Barnes & Noble (BKS) continues to have a rough go of it, and July-quarter results did not offer much encouragement. The bookseller’s top line increased 2%, to $1.4 billion, on the back of a 37% jump in revenue generated on BN.com. Sales declined everywhere else, however. At B&N stores, revenues dropped 3% and same-store sales were off 2%, as sales of traditional books remained soft. Finally, Barnes & Noble’s College Bookstore notched a 2% top-line decline. The only bright spot was the consolidated NOOK business, which includes digital content, device hardware, and related accessories. Comparables here were very favorable, but sales gains were not enough to mitigate other weaknesses.
The company’s earnings before interest, taxes, depreciation, and amortization (EBITDA) remained in the red in the period, coming in at a loss of $23.6 million. Delving deeper, we noticed that gross margins widened nicely, on both the digital and retail fronts, but the bookseller’s high fixed costs and lack of operating leverage undermined this advance. All told, B&N lost $56.6 million, or $0.99 a share, in the quarter.

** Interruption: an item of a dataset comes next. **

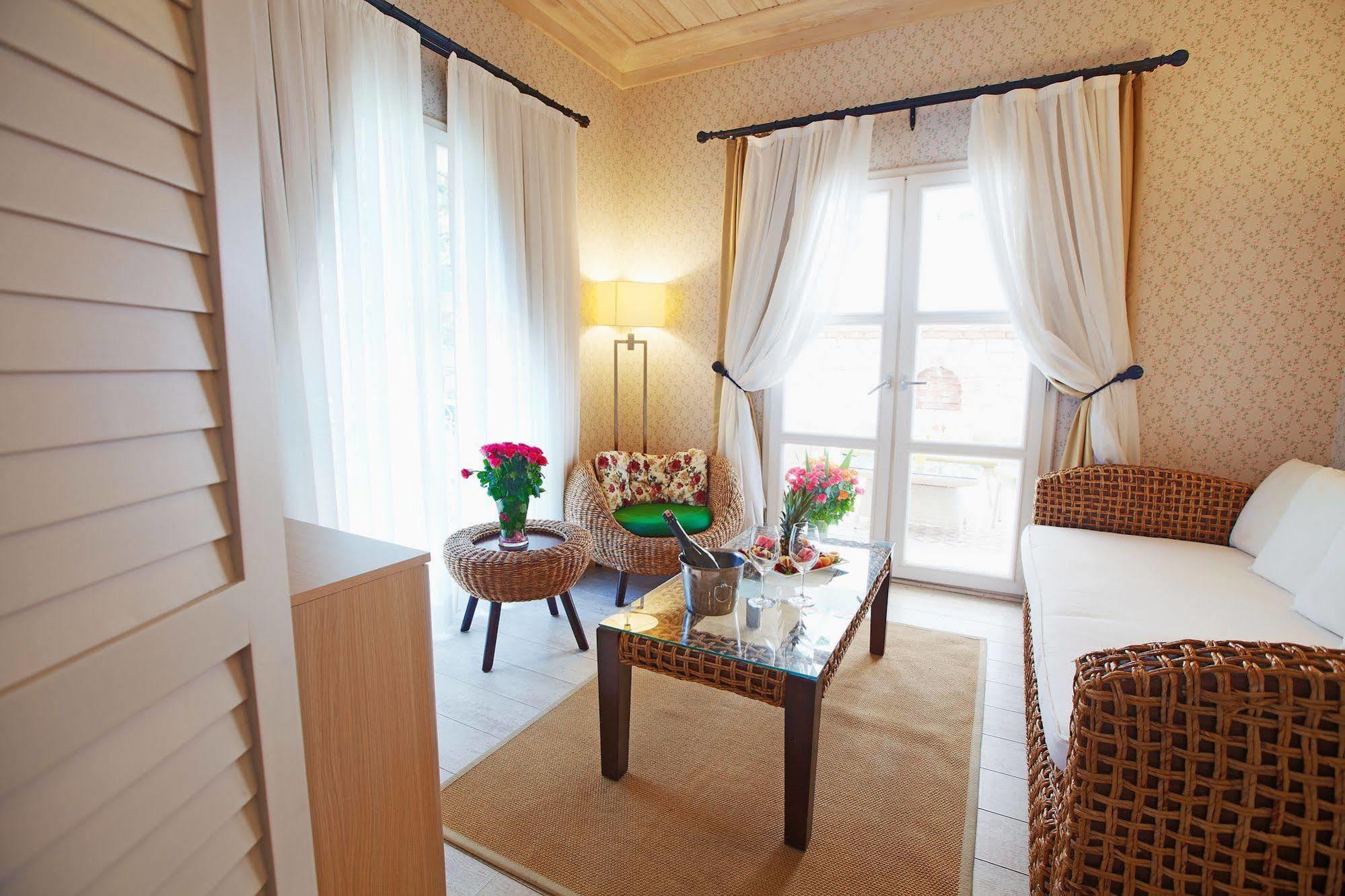 Casa Oliva Alacati - Adults Only 14 Plus Exterior foto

Can The Bookseller Turn It Around?
After looking at July-quarter results, the future of Barnes & Noble becomes more and more cloudy. The online business, which has been around for a long time, is still operating in the red, and competition is fierce. Amazon (AMZN) remains the key player in this space, and things are just not going to get any easier. The College Textbook unit’s performance also leaves a lot to be desired, considering the wide margins that are typical in this business.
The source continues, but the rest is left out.